A 2nd order low-pass butterworth filter as you have shown will have a similar frequency response as shown below in trace 2: -
So, if 500 Hz is re-normalized to coincide with "1" along the x-axis, you will see that at 5000 Hz, the attenuation is 40 dB down and below 500 Hz it's fairly flat all the way to DC (but with some gain dictated by R3 and R4 in your circuit).
In the specification it says "Signals need to be attenuated by at least 80dB relative to difference frequency of 400Hz" but I'm not sure what this means?

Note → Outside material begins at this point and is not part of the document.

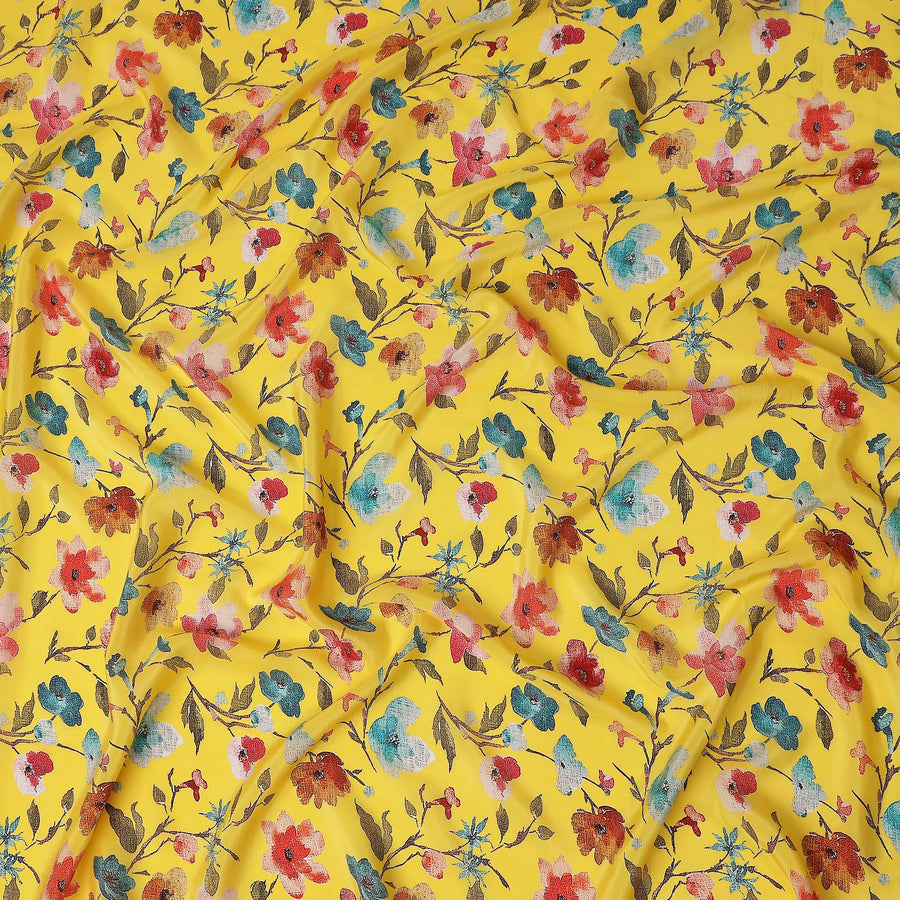 Yellow Floral Printed Viscose Crepe 110cm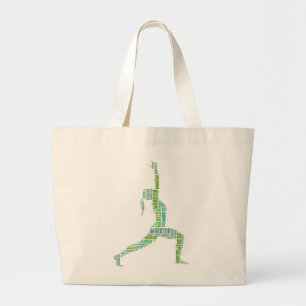 Yoga-Kriegerpose Wortwolke Jumbo-Tasche Jumbo Stoffbeutel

It certainly doesn't apply to a 2nd order filter as you have drawn in your question. It might mean that at 900 Hz (500 Hz plus 400 Hz) the attenuation needs to be at least 80 dB and, if that is the case then a fifth order butterworth filter would be required.
It could even imply that what you want is a pass band filter with 80 dB (or greater) attenuation 400 Hz either side of the centre at 500 Hz.
But, at the end of the day, it's down to you understanding the full specification you are given so, maybe publish a little bit more of it.
The specification is a bit unclear (because of the term "difference frequency"). It would be much better to say: "The minimum attenuation at (XXX) Hz must be at least (YY) dB.
However, independent on this point (and also indpendent on the required filter order) I am afraid you will never get an attenuation of 80 dB using THIS topology (Sallen-Key). The reason is as follows: It is a known effect that all Sallen-Key lowpass stages suffer from direct signal feedthrough.
That means: The desired filtering action is heavily disturbed in the stop band region because an unwanted part of the input signal is directly coupled to the output through the feedback capacitor C1. A corresponding signal portion is, therefore, produced across the finite opamp output resistance. In many cases, tis effect limits the stopband attenuation at a level of app. (-40...-50) dB only.
The stop-band is ruined, not only by C1 but by the OpAmp's collapsing gain at the higher frequencies. And the soaring Zout of the OpAmp above UnityGain Bandwidth.
Include some discrete R+C Low Pass Filters scattered amidst the high-order active filter stages, so the R+C passives can take over the attenuation of the very highest frequencies.